From: SeongJae Park <sjpark@amazon.com>
To: <davem@davemloft.net>
Cc: SeongJae Park <sjpark@amazon.de>, <kuba@kernel.org>,
	<kuznet@ms2.inr.ac.ru>, <edumazet@google.com>, <fw@strlen.de>,
	<paulmck@kernel.org>, <netdev@vger.kernel.org>,
	<rcu@vger.kernel.org>, <linux-kernel@vger.kernel.org>
Subject: [PATCH v3 0/1] net: Reduce rcu_barrier() contentions from 'unshare(CLONE_NEWNET)'
Date: Fri, 11 Dec 2020 09:20:31 +0100	[thread overview]
Message-ID: <20201211082032.26965-1-sjpark@amazon.com> (raw)

From: SeongJae Park <sjpark@amazon.de>

On a few of our systems, I found frequent 'unshare(CLONE_NEWNET)' calls
make the number of active slab objects including 'sock_inode_cache' type
rapidly and continuously increase.  As a result, memory pressure occurs.

In more detail, I made an artificial reproducer that resembles the
workload that we found the problem and reproduce the problem faster.  It
merely repeats 'unshare(CLONE_NEWNET)' 50,000 times in a loop.  It takes
about 2 minutes.  On 40 CPU cores, 70GB DRAM machine, the available
memory continuously reduced in a fast speed (about 120MB per second,
15GB in total within the 2 minutes).  Note that the issue don't
reproduce on every machine.  On my 6 CPU cores machine, the problem
didn't reproduce.

'cleanup_net()' and 'fqdir_work_fn()' are functions that deallocate the
relevant memory objects.  They are asynchronously invoked by the work
queues and internally use 'rcu_barrier()' to ensure safe destructions.
'cleanup_net()' works in a batched maneer in a single thread worker,
while 'fqdir_work_fn()' works for each 'fqdir_exit()' call in the
'system_wq'.

Therefore, 'fqdir_work_fn()' called frequently under the workload and
made the contention for 'rcu_barrier()' high.  In more detail, the
global mutex, 'rcu_state.barrier_mutex' became the bottleneck.
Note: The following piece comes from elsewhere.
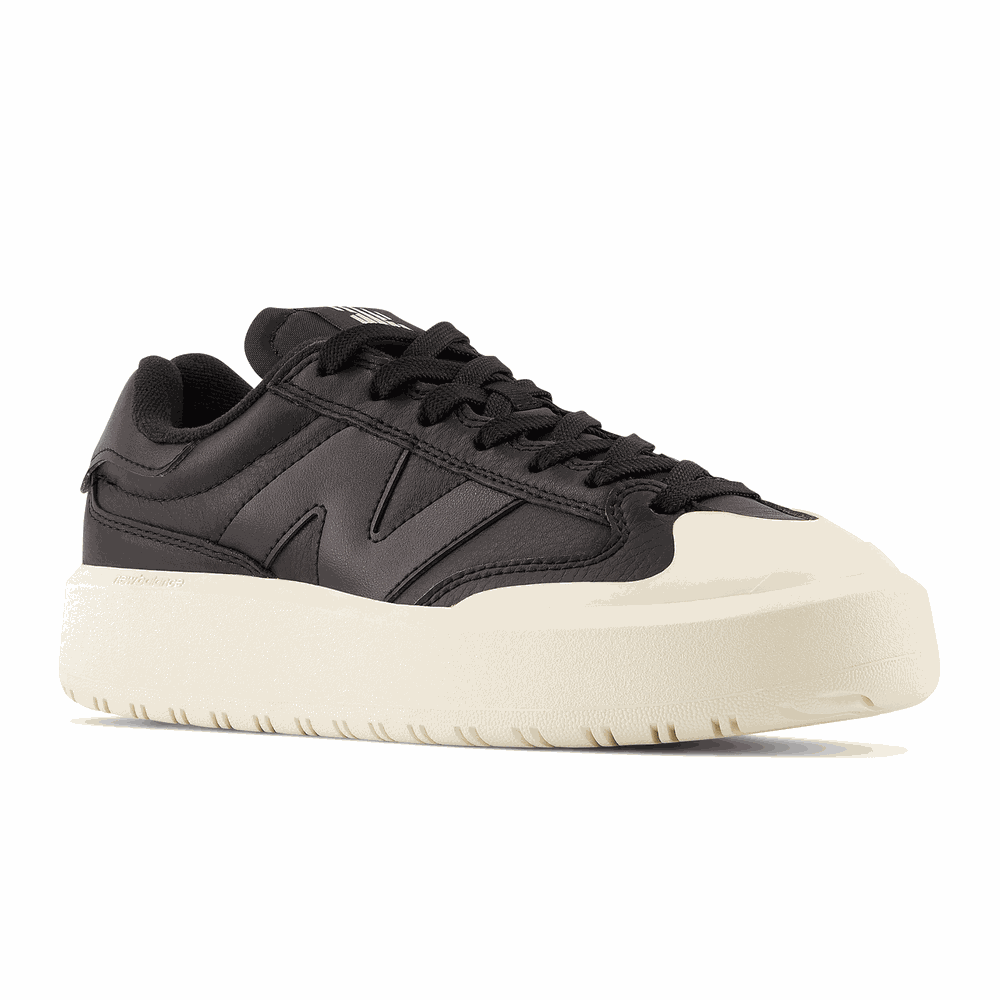 Boty unisex New Balance CT302LD – černé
I tried making 'rcu_barrier()' and subsequent lightweight works in
'fqdir_work_fn()' to be processed by a dedicated singlethread worker in
batch and confirmed it works.  After the change, No continuous memory
reduction but some fluctuation observed.  Nevertheless, the available
memory reduction was only up to about 400MB.  The following patch is for
the change.  I think this is the right solution for point fix of this
issue, but someone might blame different parts.
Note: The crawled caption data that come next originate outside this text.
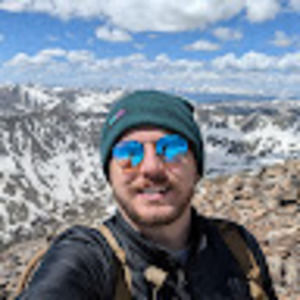 Meet your Posher, Bailey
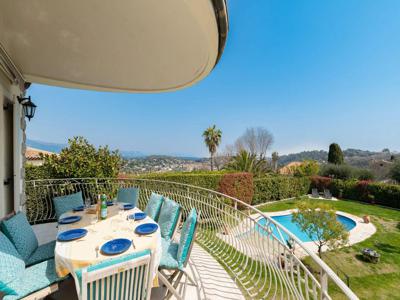 7 room luxury Villa for sale in Valbonne, France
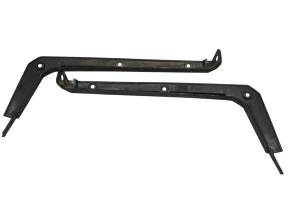 Polaris - 14 Polaris Ranger 800 6x6 Front Fender Flares Left & Right - Image 3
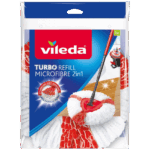 Turbo Mop Refill 2in1
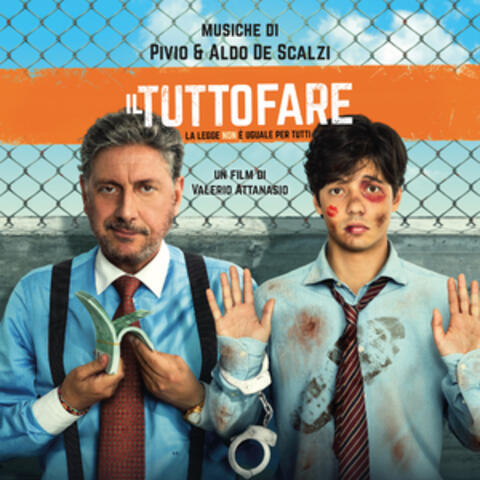 Il tuttofare (Original Motion Picture Soundtrack)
1. User: Frequent 'unshare()' calls
From some point of view, such frequent 'unshare()' calls might seem only
insane.

2. Global mutex in 'rcu_barrier()'
Because of the global mutex, 'rcu_barrier()' callers could wait long
even after the callbacks started before the call finished.  Therefore,
similar issues could happen in another 'rcu_barrier()' usages.  Maybe we
can use some wait queue like mechanism to notify the waiters when the
desired time came.

I personally believe applying the point fix for now and making
'rcu_barrier()' improvement in longterm make sense.  If I'm missing
something or you have different opinion, please feel free to let me
know.

Patch History
-------------

Changes from v2
(https://lore.kernel.org/lkml/20201210080844.23741-1-sjpark@amazon.com/)
- Add numbers after the patch (Eric Dumazet)
- Make only 'rcu_barrier()' and subsequent lightweight works serialized
  (Eric Dumazet)

Changes from v1
(https://lore.kernel.org/netdev/20201208094529.23266-1-sjpark@amazon.com/)
- Keep xmas tree variable ordering (Jakub Kicinski)
- Add more numbers (Eric Dumazet)
- Use 'llist_for_each_entry_safe()' (Eric Dumazet)

SeongJae Park (1):
  net/ipv4/inet_fragment: Batch fqdir destroy works

 include/net/inet_frag.h  |  1 +
 net/ipv4/inet_fragment.c | 45 +++++++++++++++++++++++++++++++++-------
 2 files changed, 39 insertions(+), 7 deletions(-)

-- 
2.17.1